No distingo o miro erráticamente
sin vislumbrar la leyenda, la luz mágica, la antigua fe que no era necesario
creer en ella, estaba. Me gusta esa portada en carrera Espinel, calle de la
Bola, inspirada en la obra del pintor japonés Miki Haruta. Echo de menos el
silencio resonante, ese que suena, una atormentada locura en estas fechas, de
acuerdo, pero mía y ojalá que prescindible si se dieran las circunstancias para
ello. El silencio con el que escribió aquí, o inspiró a Rilke en “La asunción
de María” (tremendo cuadro de El Greco): “Tú
recibes tu gloria de todo lo sublime;/ nosotros nos tratamos con lo ínfimo…”.
Con todo me gustaría que los días, estos días, pasaran como mis deseos, mis
ilusiones, tan rápidos que me es imposible sostenerlos, o al menos escribirlos
y sin importarme que los demás entiendan o condesciendan a lo hecho; sin
remordimientos, sin dudas, sin dolor, ni por ellos ni por mí, tal vez por la
misma tierra. Quizás como ese espíritu de Ariel, la cadencia de la sexta
elegía, el encanto perdido, el futuro compuesto por el poeta, la “Resurrección
de Lázaro”, dichoso por comprobar que ni la muerte lo ha apartado de la poesía,
del arte, de su naturaleza. No me gusta la feria. No soy Rilke.
Yo sí concibo cómo la
esperanza o las trizas de mis ensueños puedan pronto abandonarme, no al igual
que Rilke, quien aquí no solo sintió que la inspiración, la musa del arte, no lo
había abandonado, sino regresó para desplegarla con grandeza, con sentimiento.
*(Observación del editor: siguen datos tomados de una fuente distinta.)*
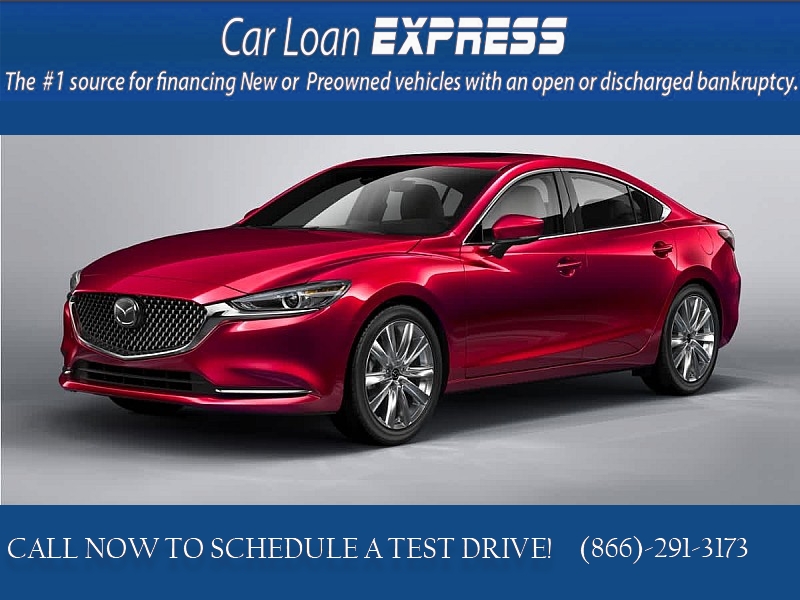 Used 2018  Mazda Mazda6 4d Sedan Signature at CarloanExpress&period;Com near Hampton&comma; VA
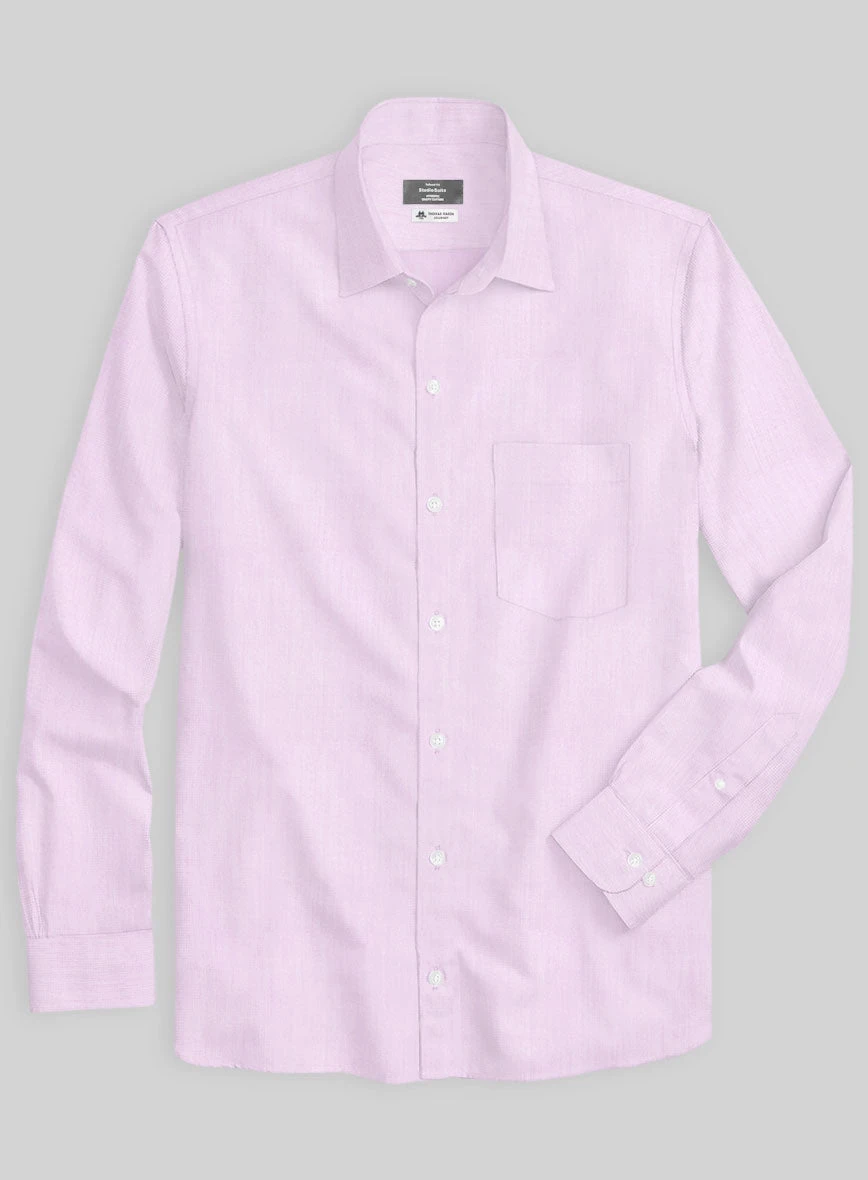 Thomas Mason Light Purple Shirt 4 Thomas Mason Light Purple Shirt - Image 2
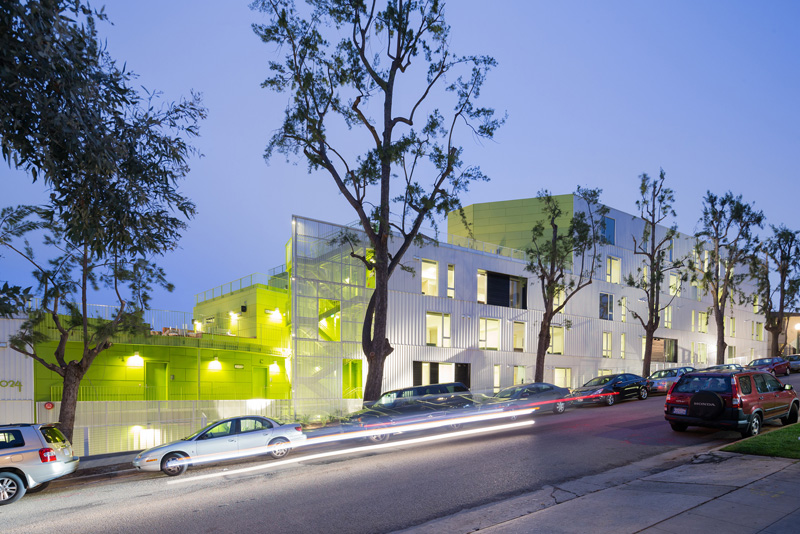 Student and faculty housing at UCLA, by LOHA (Lorcan O'Herlihy Architects)
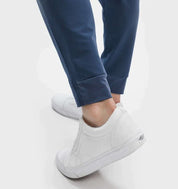 Stretch Pants - Men's Casual Elastic Waist Skinny Pants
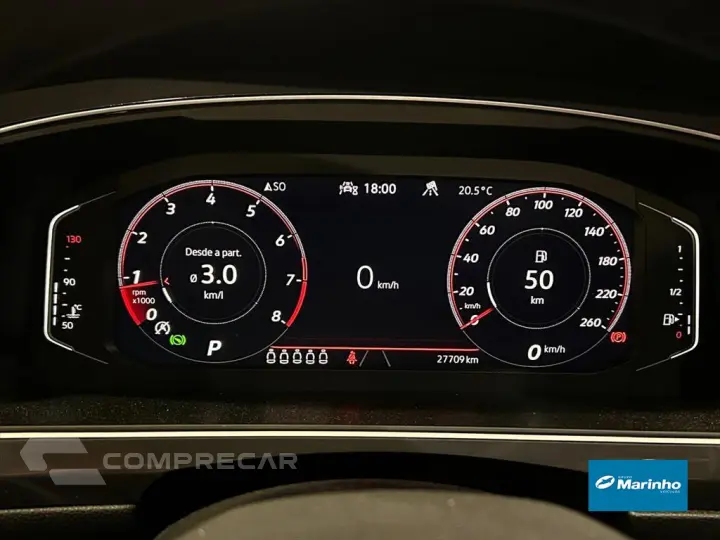 TIGUAN 2.0 300 TSI GASOLINA ALLSPACE R-LINE AUTOM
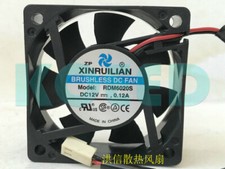 New XINRUILIAN RDM6020S DC12V 0.12A 6 cm 6020 60mm silent fan 2pin picture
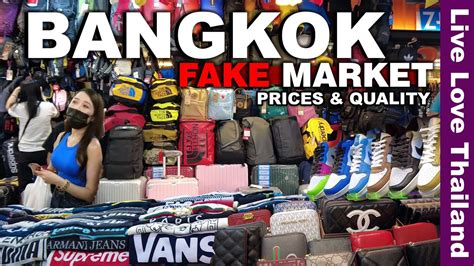 where to buy fake clothes in bangkok|fake shops in thailand.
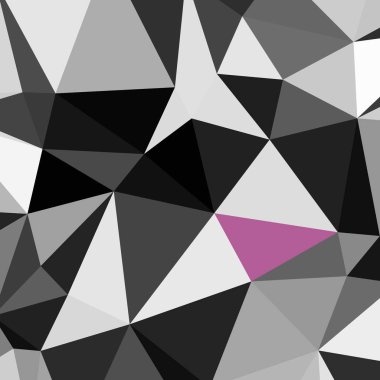 Üçgen poligonal arka plan - eğilim desen.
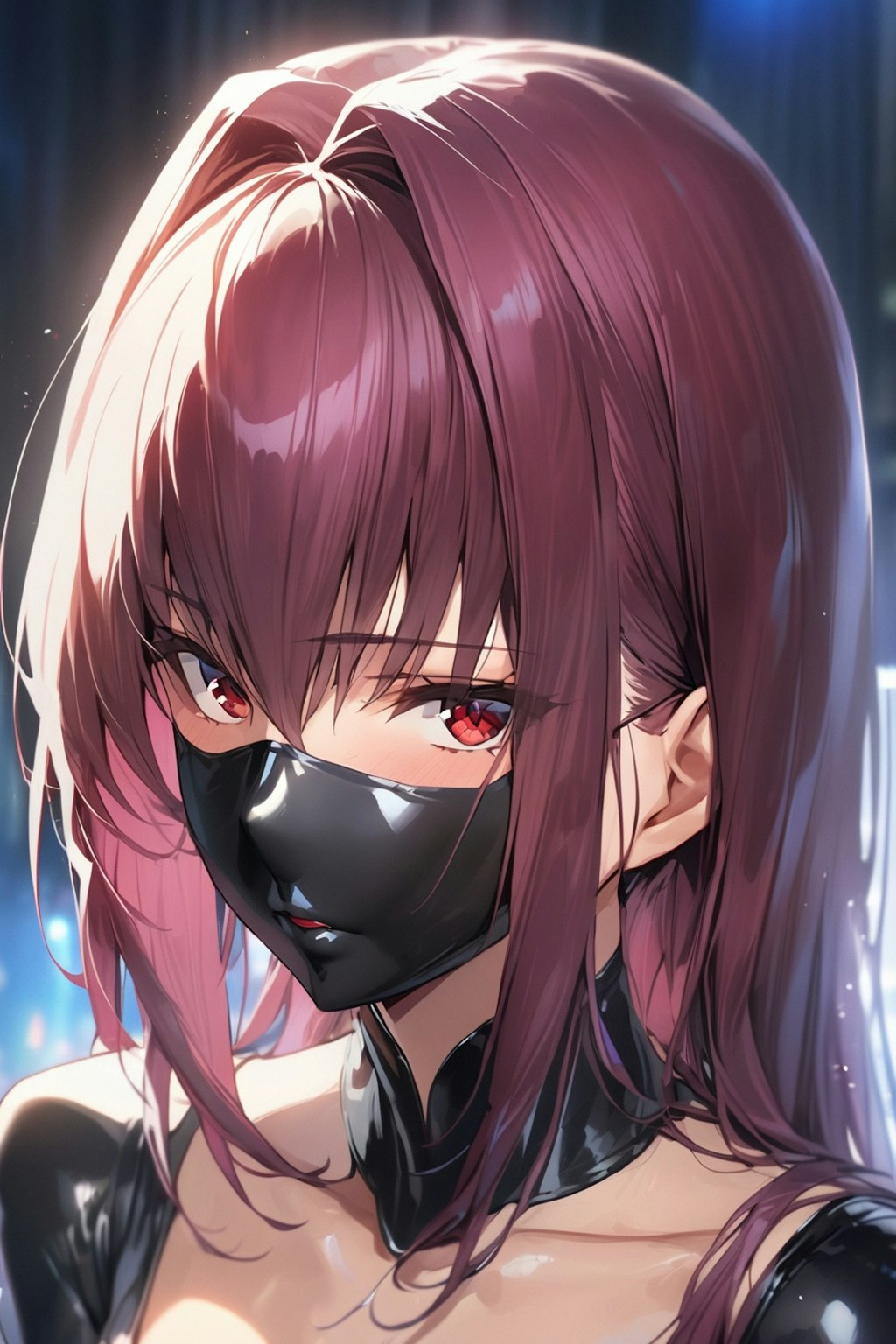 scathach  mask 23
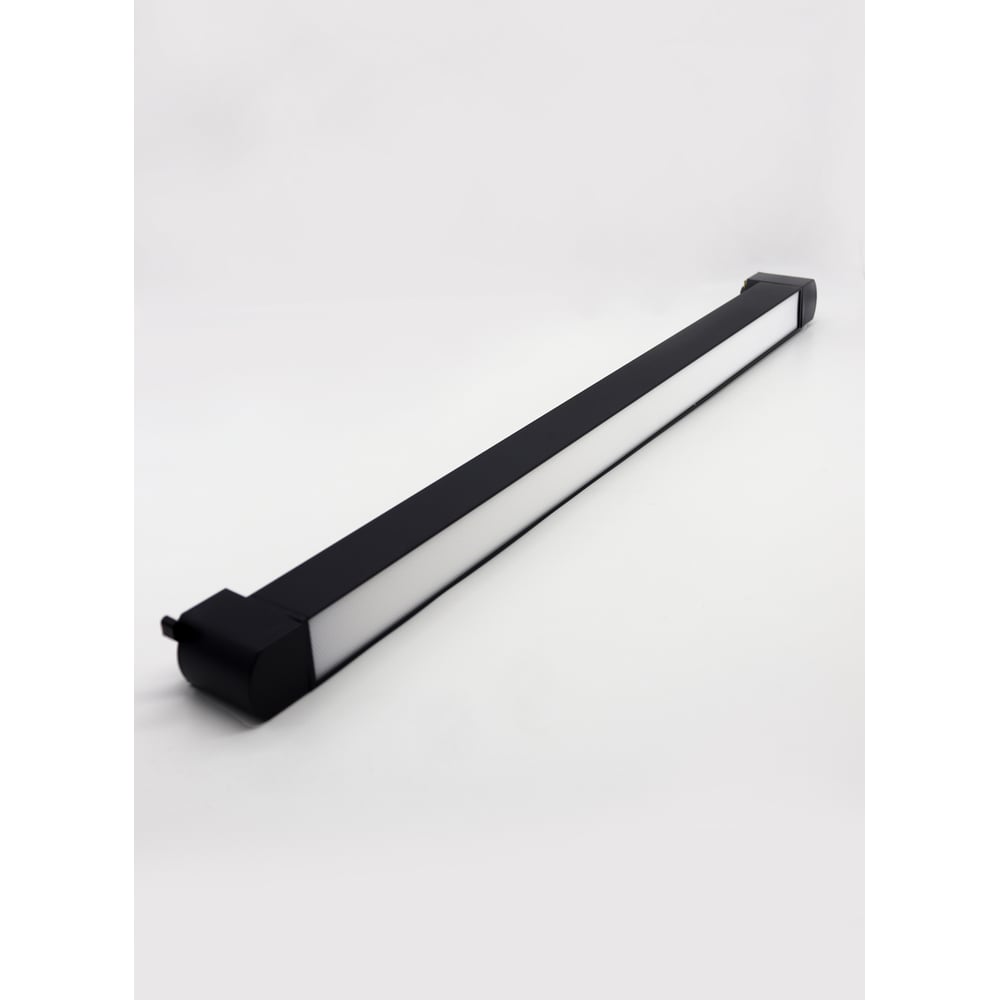 Изображение товара Светильник светодиодный линейный трековый 40W черный для шинопровода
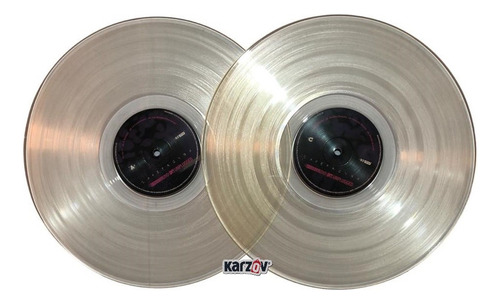 Cafe Tacuba Un Segundo Mtv Unplugged / Clear 2 Lp Vinyl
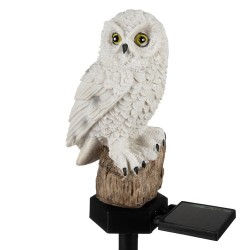 LAMPA OGRODOWA SOLARNA - SOWA - ORYGINALNA I EKOLOGICZNA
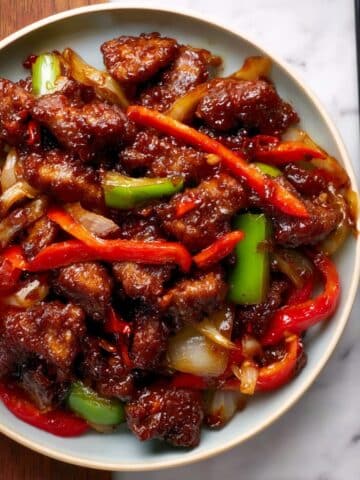 Crispy Chilli Beef with Sweet Chilli Sauce Recipe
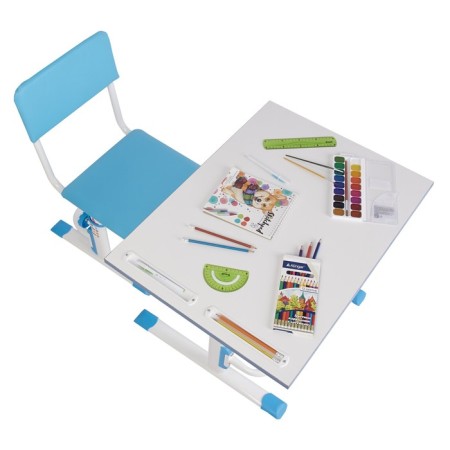 Party-transformer growing Polini Kids Simple M1, 75x55 cm, white-blue color-4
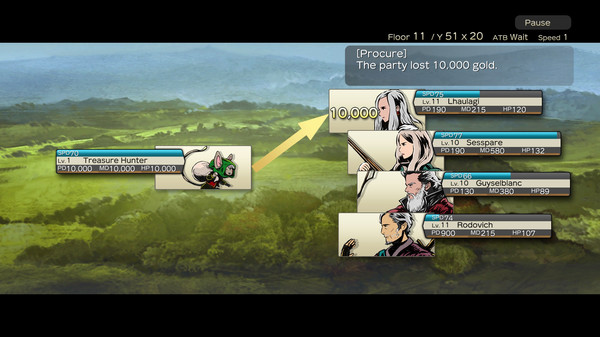 DUNGEON ENCOUNTERS screenshot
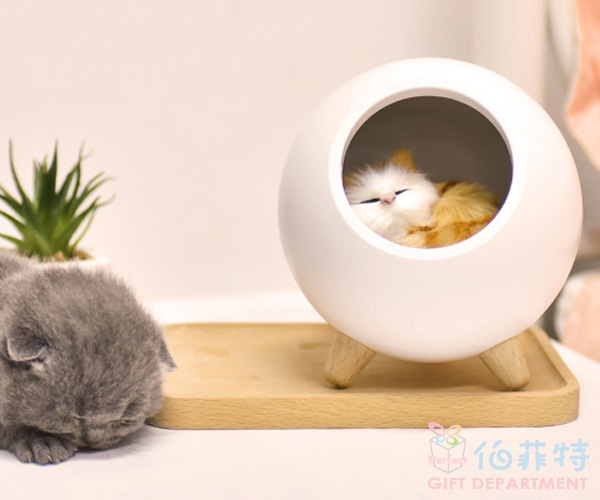 小寵屋藍牙音箱燈
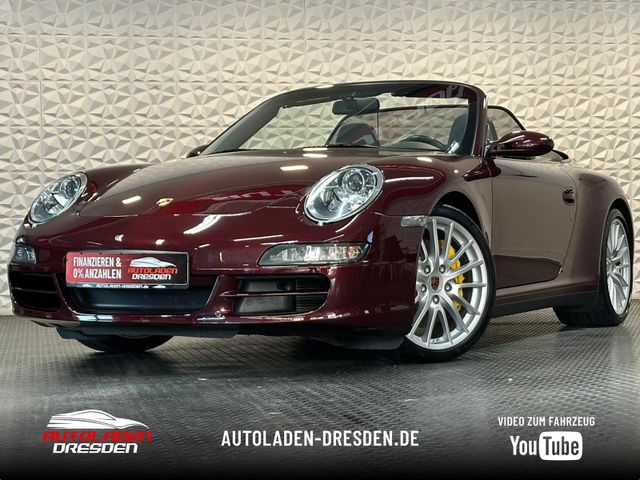 PORSCHE 911 CARRERA 4 CABRIO 997* XEN#SHZ#TEMPO#PASM#NAV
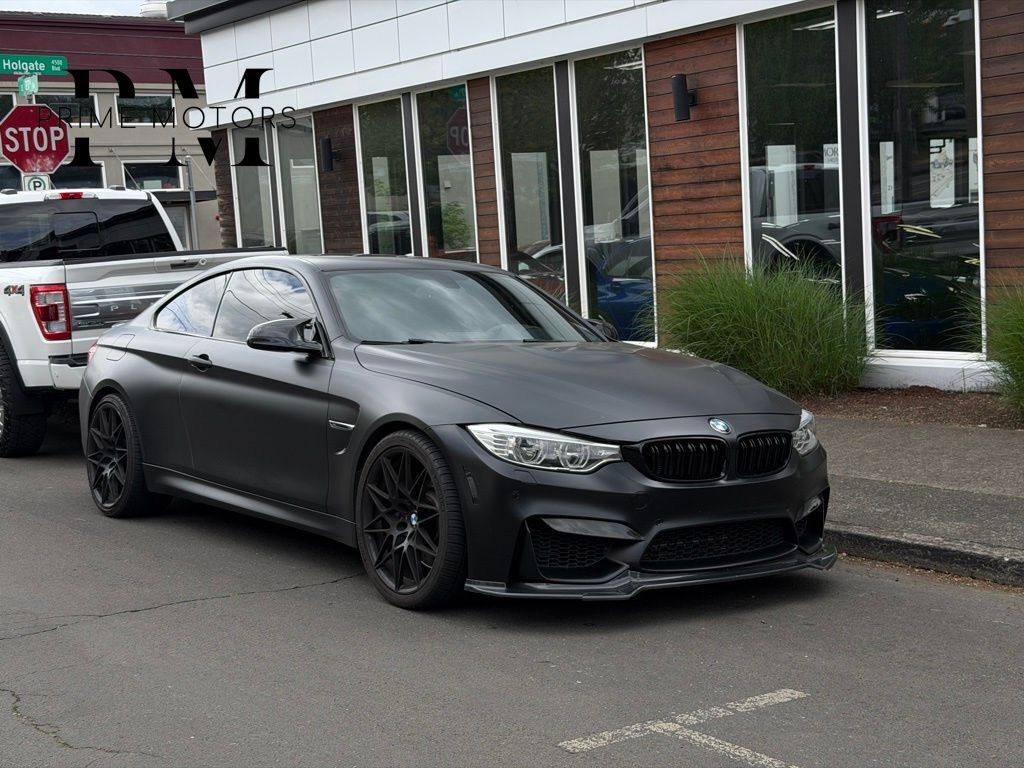 2015 BMW M4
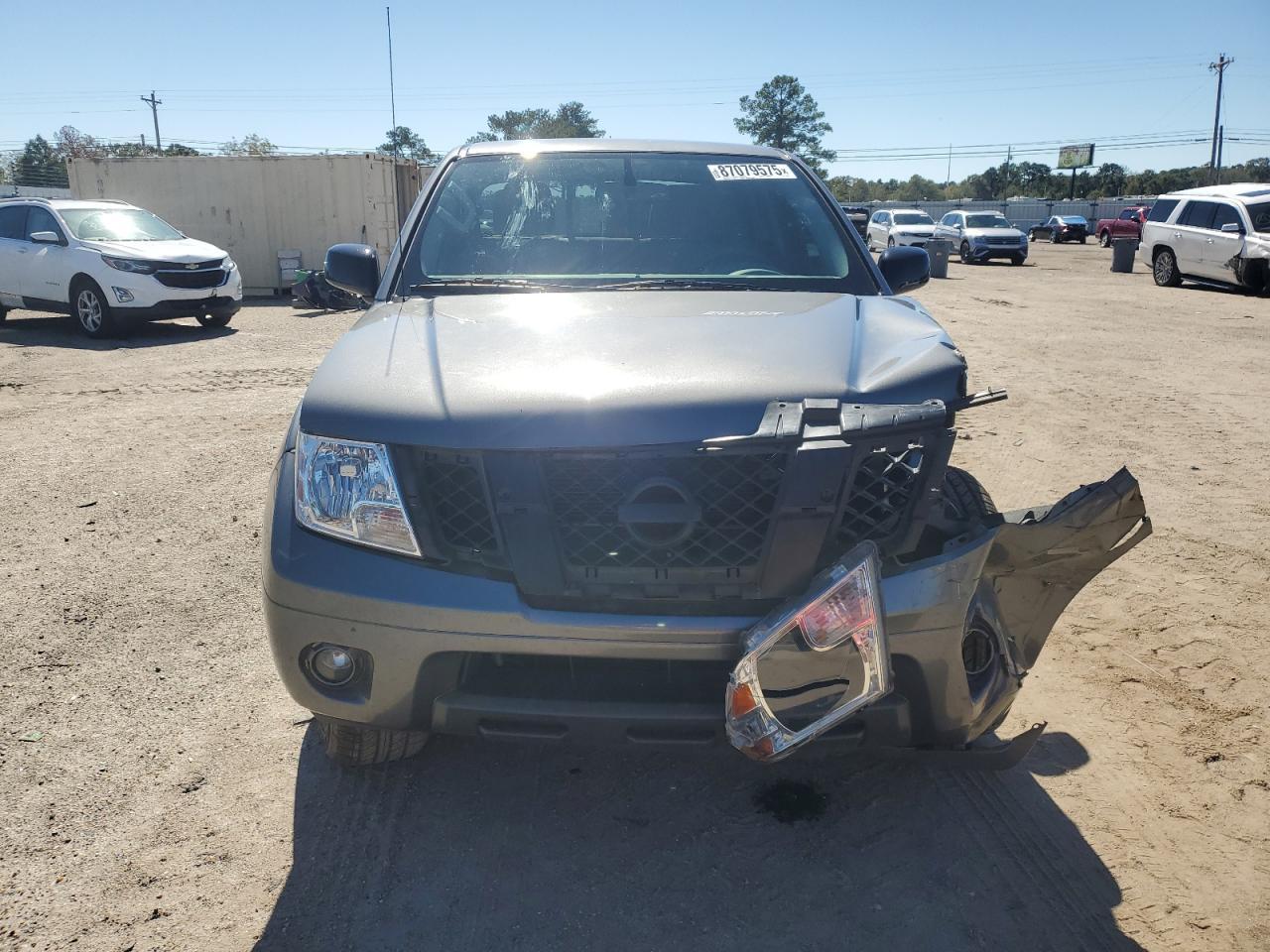 2020 Nissan Navara (Frontier) - zdjęcie 5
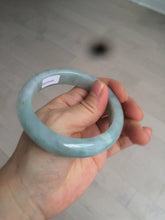 Load image into Gallery viewer, 57mm Certified Type A 100% Natural green/blue chubby  jadeite Jade bangle BH11-4406
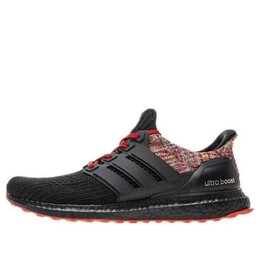Кроссовки ultraboost Adidas, черный bybj56 | black/red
Entretanto vago, ando, paso a paso, con pasos arrastrados por las calles de
sombras anónimas, de versos ahogados en el ruido del gentío; pasos que no
piensan; algunos se detienen al sentir la familiaridad de un atisbo del ayer,
el compás o el eco de un sortilegio antiguo, ahora extraño, y entonces piensan,
como las letras de amor de Rilke a su amiga Sidonie Nádherný, escritas en su
habitación del Hotel Reina Victoria: “…
si tú no vienes, / serpentea mi camino hacia el fin. / Sólo te anhelo a ti…”,
en la bella geometría de una goyesca, en su hermosura honda, en un contraluz nervioso
o en la rima de una caña, de una liviana, de un fandango seguido con embrujo y
taconeo. No soy Rilke. Y tampoco pretendo armar versos paso a paso, en el
camino sin senda por esta feria de farolillos de colores donde yo soy la
metáfora de aquel que es negro. Solo soy un sobreviviente.
Con todo, ojalá la
animación me llegue, pero que me encuentre trabajando.